**Source records**
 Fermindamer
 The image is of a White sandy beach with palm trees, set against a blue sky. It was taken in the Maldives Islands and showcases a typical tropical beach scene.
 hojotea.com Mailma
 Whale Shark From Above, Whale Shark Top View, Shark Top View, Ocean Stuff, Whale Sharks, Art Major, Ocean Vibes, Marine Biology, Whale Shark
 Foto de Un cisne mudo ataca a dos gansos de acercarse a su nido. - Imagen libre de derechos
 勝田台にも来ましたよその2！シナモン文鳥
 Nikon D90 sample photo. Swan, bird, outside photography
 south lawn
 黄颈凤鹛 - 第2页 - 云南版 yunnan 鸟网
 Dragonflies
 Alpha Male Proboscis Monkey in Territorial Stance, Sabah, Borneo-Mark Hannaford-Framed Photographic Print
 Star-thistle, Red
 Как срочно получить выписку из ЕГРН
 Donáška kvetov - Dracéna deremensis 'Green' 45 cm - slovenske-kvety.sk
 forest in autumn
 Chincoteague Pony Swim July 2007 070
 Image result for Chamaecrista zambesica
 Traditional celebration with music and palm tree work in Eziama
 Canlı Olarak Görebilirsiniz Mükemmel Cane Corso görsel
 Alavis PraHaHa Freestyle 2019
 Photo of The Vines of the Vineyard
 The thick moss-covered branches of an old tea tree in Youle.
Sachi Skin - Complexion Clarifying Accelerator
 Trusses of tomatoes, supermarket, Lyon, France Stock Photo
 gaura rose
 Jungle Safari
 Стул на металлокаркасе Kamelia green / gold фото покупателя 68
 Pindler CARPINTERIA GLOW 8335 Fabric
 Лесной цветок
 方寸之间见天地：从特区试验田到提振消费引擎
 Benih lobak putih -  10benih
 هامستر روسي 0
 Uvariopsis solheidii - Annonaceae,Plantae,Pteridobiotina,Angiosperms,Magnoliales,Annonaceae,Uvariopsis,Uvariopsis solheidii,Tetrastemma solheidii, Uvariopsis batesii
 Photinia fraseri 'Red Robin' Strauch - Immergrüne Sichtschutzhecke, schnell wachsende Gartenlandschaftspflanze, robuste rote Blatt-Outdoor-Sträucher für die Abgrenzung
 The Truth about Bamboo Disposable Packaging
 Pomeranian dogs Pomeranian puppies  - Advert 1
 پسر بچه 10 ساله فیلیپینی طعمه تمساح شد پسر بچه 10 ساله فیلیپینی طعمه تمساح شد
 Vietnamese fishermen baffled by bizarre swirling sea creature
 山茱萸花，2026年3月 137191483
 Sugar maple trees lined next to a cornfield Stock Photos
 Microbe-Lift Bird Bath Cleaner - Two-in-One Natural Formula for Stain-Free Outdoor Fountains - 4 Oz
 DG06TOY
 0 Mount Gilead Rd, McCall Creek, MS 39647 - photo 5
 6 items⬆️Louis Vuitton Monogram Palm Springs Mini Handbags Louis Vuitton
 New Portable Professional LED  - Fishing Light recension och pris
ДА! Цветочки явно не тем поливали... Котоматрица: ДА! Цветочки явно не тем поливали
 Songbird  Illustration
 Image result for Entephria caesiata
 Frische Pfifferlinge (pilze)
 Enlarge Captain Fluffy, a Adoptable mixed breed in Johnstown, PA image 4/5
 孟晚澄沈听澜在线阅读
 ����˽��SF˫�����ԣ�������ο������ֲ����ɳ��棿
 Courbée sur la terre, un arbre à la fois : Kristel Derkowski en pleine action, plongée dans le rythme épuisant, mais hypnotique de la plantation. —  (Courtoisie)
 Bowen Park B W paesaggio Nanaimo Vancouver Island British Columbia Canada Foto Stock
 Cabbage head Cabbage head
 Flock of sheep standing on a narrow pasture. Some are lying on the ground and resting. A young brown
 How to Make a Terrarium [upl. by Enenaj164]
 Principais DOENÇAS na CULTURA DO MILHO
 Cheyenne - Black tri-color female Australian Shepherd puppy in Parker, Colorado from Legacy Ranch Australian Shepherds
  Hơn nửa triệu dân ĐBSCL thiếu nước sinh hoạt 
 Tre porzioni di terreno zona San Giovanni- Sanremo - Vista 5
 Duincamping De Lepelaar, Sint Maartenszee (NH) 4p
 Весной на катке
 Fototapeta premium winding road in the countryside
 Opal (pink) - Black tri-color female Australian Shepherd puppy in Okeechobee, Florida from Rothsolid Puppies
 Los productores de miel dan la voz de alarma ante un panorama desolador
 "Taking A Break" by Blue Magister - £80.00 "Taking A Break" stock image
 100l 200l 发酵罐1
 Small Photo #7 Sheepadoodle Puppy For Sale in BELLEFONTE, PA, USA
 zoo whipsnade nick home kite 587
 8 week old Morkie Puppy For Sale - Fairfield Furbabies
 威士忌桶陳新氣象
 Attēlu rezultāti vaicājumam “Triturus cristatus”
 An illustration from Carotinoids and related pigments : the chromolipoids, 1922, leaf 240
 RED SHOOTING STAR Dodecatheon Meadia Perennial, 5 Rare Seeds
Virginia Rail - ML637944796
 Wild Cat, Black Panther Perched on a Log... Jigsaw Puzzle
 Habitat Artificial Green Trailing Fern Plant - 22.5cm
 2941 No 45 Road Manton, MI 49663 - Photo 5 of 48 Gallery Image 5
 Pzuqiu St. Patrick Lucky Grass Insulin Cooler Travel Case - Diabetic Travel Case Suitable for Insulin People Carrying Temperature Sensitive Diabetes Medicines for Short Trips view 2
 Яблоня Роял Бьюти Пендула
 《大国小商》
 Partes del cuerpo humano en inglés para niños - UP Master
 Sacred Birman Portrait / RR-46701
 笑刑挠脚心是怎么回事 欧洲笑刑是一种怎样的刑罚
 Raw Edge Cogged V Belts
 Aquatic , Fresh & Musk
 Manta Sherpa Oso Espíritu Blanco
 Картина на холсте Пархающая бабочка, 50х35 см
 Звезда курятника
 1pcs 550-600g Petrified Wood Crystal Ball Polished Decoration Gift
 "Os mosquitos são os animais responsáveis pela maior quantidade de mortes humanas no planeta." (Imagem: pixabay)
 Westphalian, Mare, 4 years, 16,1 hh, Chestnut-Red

**Your instructions**
All the entries must be retyped exactly.

**The completed task**
 Fermindamer
 The image is of a White sandy beach with palm trees, set against a blue sky. It was taken in the Maldives Islands and showcases a typical tropical beach scene.
 hojotea.com Mailma
 Whale Shark From Above, Whale Shark Top View, Shark Top View, Ocean Stuff, Whale Sharks, Art Major, Ocean Vibes, Marine Biology, Whale Shark
 Foto de Un cisne mudo ataca a dos gansos de acercarse a su nido. - Imagen libre de derechos
 勝田台にも来ましたよその2！シナモン文鳥
 Nikon D90 sample photo. Swan, bird, outside photography
 south lawn
 黄颈凤鹛 - 第2页 - 云南版 yunnan 鸟网
 Dragonflies
 Alpha Male Proboscis Monkey in Territorial Stance, Sabah, Borneo-Mark Hannaford-Framed Photographic Print
 Star-thistle, Red
 Как срочно получить выписку из ЕГРН
 Donáška kvetov - Dracéna deremensis 'Green' 45 cm - slovenske-kvety.sk
 forest in autumn
 Chincoteague Pony Swim July 2007 070
 Image result for Chamaecrista zambesica
 Traditional celebration with music and palm tree work in Eziama
 Canlı Olarak Görebilirsiniz Mükemmel Cane Corso görsel
 Alavis PraHaHa Freestyle 2019
 Photo of The Vines of the Vineyard
 The thick moss-covered branches of an old tea tree in Youle.
Sachi Skin - Complexion Clarifying Accelerator
 Trusses of tomatoes, supermarket, Lyon, France Stock Photo
 gaura rose
 Jungle Safari
 Стул на металлокаркасе Kamelia green / gold фото покупателя 68
 Pindler CARPINTERIA GLOW 8335 Fabric
 Лесной цветок
 方寸之间见天地：从特区试验田到提振消费引擎
 Benih lobak putih -  10benih
 هامستر روسي 0
 Uvariopsis solheidii - Annonaceae,Plantae,Pteridobiotina,Angiosperms,Magnoliales,Annonaceae,Uvariopsis,Uvariopsis solheidii,Tetrastemma solheidii, Uvariopsis batesii
 Photinia fraseri 'Red Robin' Strauch - Immergrüne Sichtschutzhecke, schnell wachsende Gartenlandschaftspflanze, robuste rote Blatt-Outdoor-Sträucher für die Abgrenzung
 The Truth about Bamboo Disposable Packaging
 Pomeranian dogs Pomeranian puppies  - Advert 1
 پسر بچه 10 ساله فیلیپینی طعمه تمساح شد پسر بچه 10 ساله فیلیپینی طعمه تمساح شد
 Vietnamese fishermen baffled by bizarre swirling sea creature
 山茱萸花，2026年3月 137191483
 Sugar maple trees lined next to a cornfield Stock Photos
 Microbe-Lift Bird Bath Cleaner - Two-in-One Natural Formula for Stain-Free Outdoor Fountains - 4 Oz
 DG06TOY
 0 Mount Gilead Rd, McCall Creek, MS 39647 - photo 5
 6 items⬆️Louis Vuitton Monogram Palm Springs Mini Handbags Louis Vuitton
 New Portable Professional LED  - Fishing Light recension och pris
ДА! Цветочки явно не тем поливали... Котоматрица: ДА! Цветочки явно не тем поливали
 Songbird  Illustration
 Image result for Entephria caesiata
 Frische Pfifferlinge (pilze)
 Enlarge Captain Fluffy, a Adoptable mixed breed in Johnstown, PA image 4/5
 孟晚澄沈听澜在线阅读
 ����˽��SF˫�����ԣ�������ο������ֲ����ɳ��棿
 Courbée sur la terre, un arbre à la fois : Kristel Derkowski en pleine action, plongée dans le rythme épuisant, mais hypnotique de la plantation. —  (Courtoisie)
 Bowen Park B W paesaggio Nanaimo Vancouver Island British Columbia Canada Foto Stock
 Cabbage head Cabbage head
 Flock of sheep standing on a narrow pasture. Some are lying on the ground and resting. A young brown
 How to Make a Terrarium [upl. by Enenaj164]
 Principais DOENÇAS na CULTURA DO MILHO
 Cheyenne - Black tri-color female Australian Shepherd puppy in Parker, Colorado from Legacy Ranch Australian Shepherds
  Hơn nửa triệu dân ĐBSCL thiếu nước sinh hoạt 
 Tre porzioni di terreno zona San Giovanni- Sanremo - Vista 5
 Duincamping De Lepelaar, Sint Maartenszee (NH) 4p
 Весной на катке
 Fototapeta premium winding road in the countryside
 Opal (pink) - Black tri-color female Australian Shepherd puppy in Okeechobee, Florida from Rothsolid Puppies
 Los productores de miel dan la voz de alarma ante un panorama desolador
 "Taking A Break" by Blue Magister - £80.00 "Taking A Break" stock image
 100l 200l 发酵罐1
 Small Photo #7 Sheepadoodle Puppy For Sale in BELLEFONTE, PA, USA
 zoo whipsnade nick home kite 587
 8 week old Morkie Puppy For Sale - Fairfield Furbabies
 威士忌桶陳新氣象
 Attēlu rezultāti vaicājumam “Triturus cristatus”
 An illustration from Carotinoids and related pigments : the chromolipoids, 1922, leaf 240
 RED SHOOTING STAR Dodecatheon Meadia Perennial, 5 Rare Seeds
Virginia Rail - ML637944796
 Wild Cat, Black Panther Perched on a Log... Jigsaw Puzzle
 Habitat Artificial Green Trailing Fern Plant - 22.5cm
 2941 No 45 Road Manton, MI 49663 - Photo 5 of 48 Gallery Image 5
 Pzuqiu St. Patrick Lucky Grass Insulin Cooler Travel Case - Diabetic Travel Case Suitable for Insulin People Carrying Temperature Sensitive Diabetes Medicines for Short Trips view 2
 Яблоня Роял Бьюти Пендула
 《大国小商》
 Partes del cuerpo humano en inglés para niños - UP Master
 Sacred Birman Portrait / RR-46701
 笑刑挠脚心是怎么回事 欧洲笑刑是一种怎样的刑罚
 Raw Edge Cogged V Belts
 Aquatic , Fresh & Musk
 Manta Sherpa Oso Espíritu Blanco
 Картина на холсте Пархающая бабочка, 50х35 см
 Звезда курятника
 1pcs 550-600g Petrified Wood Crystal Ball Polished Decoration Gift
 "Os mosquitos são os animais responsáveis pela maior quantidade de mortes humanas no planeta." (Imagem: pixabay)
 Westphalian, Mare, 4 years, 16,1 hh, Chestnut-Red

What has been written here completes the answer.